How is NetApp's channel business doing?
Our channel business remains very, very strong. I think it's a big part of our story. Last [fiscal] year was a record new customer acquisition year for us. And 80 percent of those [new cases] came through the channel.
How many new customer acquisitions are we talking about?
At [our recent] analysts day, we basically talked about two categories. We talked about our "Storage 5000," which are the 5,000 largest storage buyers in the world. And in that particular category, we had 150, which is an all-time record for us, even when we were growing at a higher rate. And then, in the midsize enterprise, we actually added 2,000 more. And that doesn't include new customers through IBM, which roughly doubled those.
What is the situation with NetApp in terms of offering services from design through professional services through the channel, and can we expect more?
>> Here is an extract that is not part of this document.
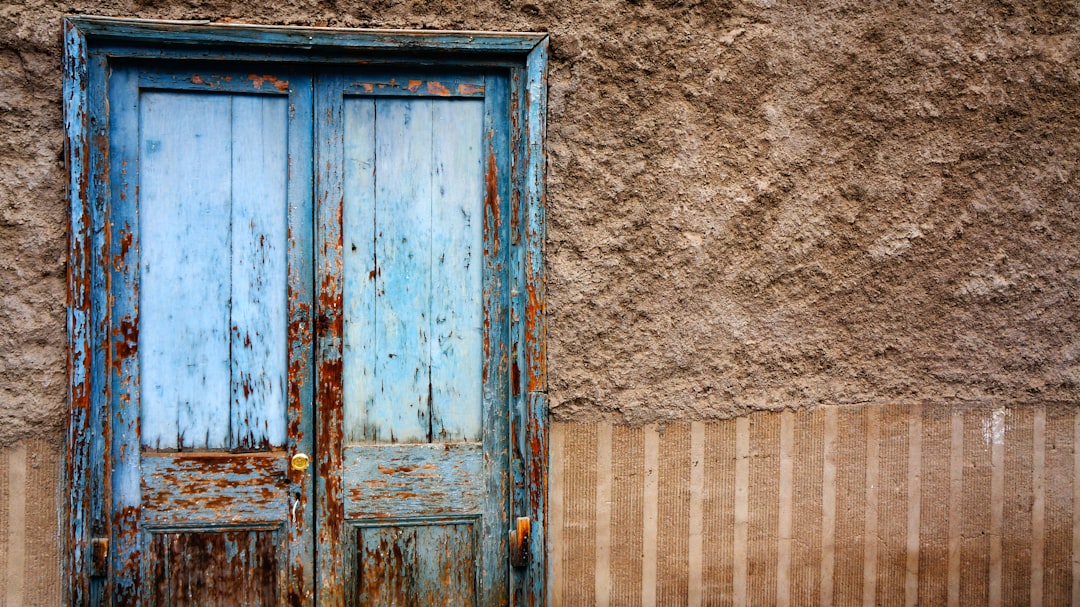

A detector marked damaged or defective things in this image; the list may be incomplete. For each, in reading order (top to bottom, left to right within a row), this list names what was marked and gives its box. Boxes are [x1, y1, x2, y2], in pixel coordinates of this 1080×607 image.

I think as we built out our service infrastructure, we were making a big investment in professional services. I fully believe that, in order to be successful in customer environments, in many cases professional services has to be a component of the solution. However, I'm not of the belief that NetApp has to provide that in every circumstance. NetApp is a product company, and a technology company. If [our] partners are capable of providing the quality of services that the customers expect, then I am completely happy with having our partners do that.
We've actually developed a plan for rationally transferring or making available all of our intellectual property and all of our tools around services to our partners who are willing to commit to training.
How far is NetApp in terms of pushing services through the channel?
We've been doing it for some time, for at least a year. Our Authorized Professional Services Program -- for people willing to sign up -- we're willing to make it available to them. I don't know how many partners are in it, but it's a substantial number.
For those that can't make that kind of investment, we've got ourselves and other people whose services they can resell. For those that can make the investment, we're not going to fight them over it. In fact, we're going to encourage them to make that kind of investment and provide those services to their clients.